Entertainment

Industry body hopes live music experiment could help pave way for return of gigs

Robert Fitzpatrick, chief executive of the Odyssey Trust and co-founder of the Arena Resilience Alliance, said they hope it will prove a game-changer.

It is hoped a live music experiment will pave the way for the return of music gigs and sports events, an industry body said.

Live events have been cancelled across the world amid strict public health measures introduced by governments trying to curb the spread of Covid-19.

But a series of five intimate test concerts hosted by the Rockhal arena in Luxembourg next month planned with stringent health measures could help to create a model to bring live events back.

The move will come just ahead of the Arena Resilience Alliance’s (ARA) second virtual conference, #AGameofTwoHalves: The Return Leg.

The Because Music Matters concerts, to take place between February 10-14, will be hosted in conjunction with the national health inspection authority.

Events will be limited to 100 people per night, with strict physical distancing enforced.

Masks will be compulsory, and attendees will be tested for Covid-19 prior to the event and again seven days later to allow close monitoring by local health bodies.

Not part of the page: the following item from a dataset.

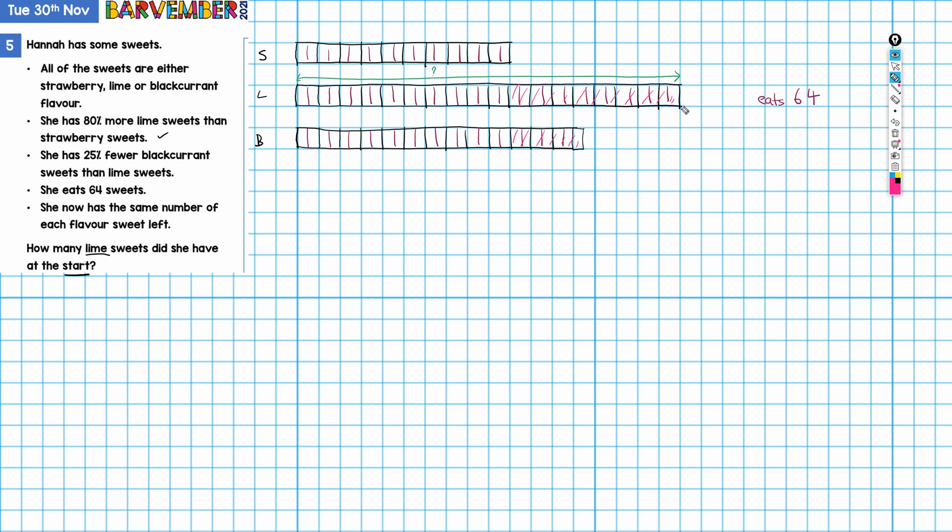How many parts would that be? So 2, 4, 6, 8, 10, 12, 14, 16, 18, 20, 22, 23 parts. What we actually need to do is we need to have an amount of sweets and then divide it by the number of equal parts that we have in order to find a value for each of these parts. So far, when we look at it, she eats 64, but there are 23 parts here. We can't divide 23 into 64 and get a whole answer because our answer needs to be whole sweets, doesn't it?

The ARA, an advocacy initiative established by the European Arenas Association (EAA), will host a virtual conference on February 18 to explore how arenas and large capacity venues across Europe are preparing for a safe and sustainable reopening.

The event will also explore what support the live events sector needs from policymakers on both a national and EU level to enable long-term resilience and future growth.

It is set to be attended by high-level speakers representing EU institutions and national governments as well as the sports and live music sectors.

Olivier Toth, chief executive of Rockhal in Luxembourg and co-founder of the ARA, said the Because Music Matters showcase at Rockhal is an “important step forward in testing the safety measures we can employ to support our back-to-business strategies”.

Robert Fitzpatrick, chief executive of the Odyssey Trust, owners of the SSE Arena in Belfast, and co-founder of the ARA, said he believes international collaboration can help venues get back to business.

Christmas Appeal – Belfast
Volunteers sorting Christmas food parcels and hampers on behalf of the North Belfast Advice Partnership last December at the SSE Arena Belfast (Liam McBurney/PA)

“As the advocacy platform for European arenas, the ARA is proud to provide an opportunity for the industry to come together with key EU decision-makers to prepare for a return to live events, whilst working to protect the health and wellbeing of our communities and the sustainability of our industry, which will be central to the economic and societal recovery of countries across Europe,” he said.

“Together, we can build regional and national frameworks, with international collaboration that will help us get back to business.”

A concert by The Script was the last live music event at the SSE in Belfast on March 3.

There was also a Belfast Giants game on March 6 and a gig by comedian Paddy Raff on March 7 before the arena halted large-scale events under Northern Ireland’s coronavirus regulations.

Since then, the arena hosted local food banks in December who needed a large space to allow volunteers to be socially distanced while gearing up their efforts.

The ARA’s #AGameofTwoHalves: The Return Leg virtual conference will be delivered in partnership with the European Arenas Association and IQ Magazine.